Families fight detainee bill

The wife of a terrorism suspect arrested in Ottawa this week offered her support yesterday to families who called on the government to scrap Bill C-3.


The wife of a terrorism suspect arrested in Ottawa this week offered her support yesterday to families who called on the government to scrap Bill C-3.


“We all share the same concerns and the same violations of privacy,” said Sophie Harkat, who joined the family members of security certificate detainees on Parliament Hill yesterday to oppose the bill. “We’re all Canadians and we suffer the consequences of this bill.”


Harkat said she’d visited her husband, Mohamed Harkat, yesterday after Ottawa Police and Canadian Border Services Agency officers arrested him at his home on Tuesday for alleged breach of bail conditions. He is being held at the Ottawa-Carleton Detention Centre and appears in Supreme Court at 9:30 a.m. today.


“His morale is pretty good,” she said. “He’s holding up.”


Harkat, an Algerian refugee, had been released on bail with strict conditions in June 2006, more than three years after being arrested on a federal security certificate.

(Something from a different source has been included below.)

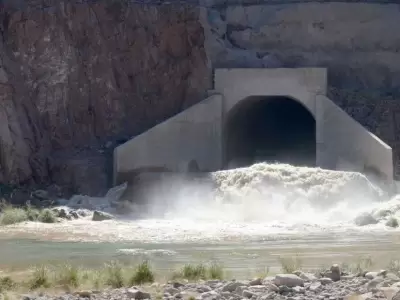 limpieza-en-el-dique-potrerillos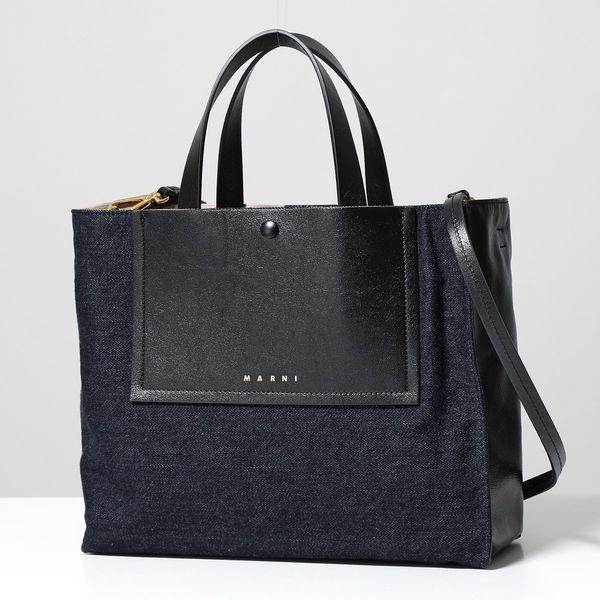 MARNI マルニ ハンドバッグ MUSEO SOFT ミュゼオ ソフト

The group wants the government to abolish security certificates and use the Criminal Code to press their cases.


Ahmad Jaballah, whose father, Mahmoud, was arrested on a security certificate, likened the practice to “taking a whole family and putting them in prison.”


Released last April, Mahmood Jaballah is required to have his wife or eldest son with him 24 hours a day.


“If you have evidence against them, charge them and give them a fair and open trial where they can see the evidence and respond to it,” said Jaballah.


“We’re here with families of men who have been detained unfairly over the years,” said Mary Foster, a member of the Coalition for Adil Charkaoui Foster. “Don’t condemn them to more years of fear and injustice.”


If Bill C-3 goes through, it will mean that detainees can be indefinitely detained at home or in prison without trial or being charged.


Mona El Fouli, whose husband Mohamed Mahjoub was detained, said the security certificate violates not only his rights, but affects the lives of her children. “I’m a Canadian citizen and my kids are Canadian citizens,” she said.


Jaballah called on MPs to reflect on their actions before voting. “You’re destroying families and lives for years to come and are imprisoning them in their own houses.”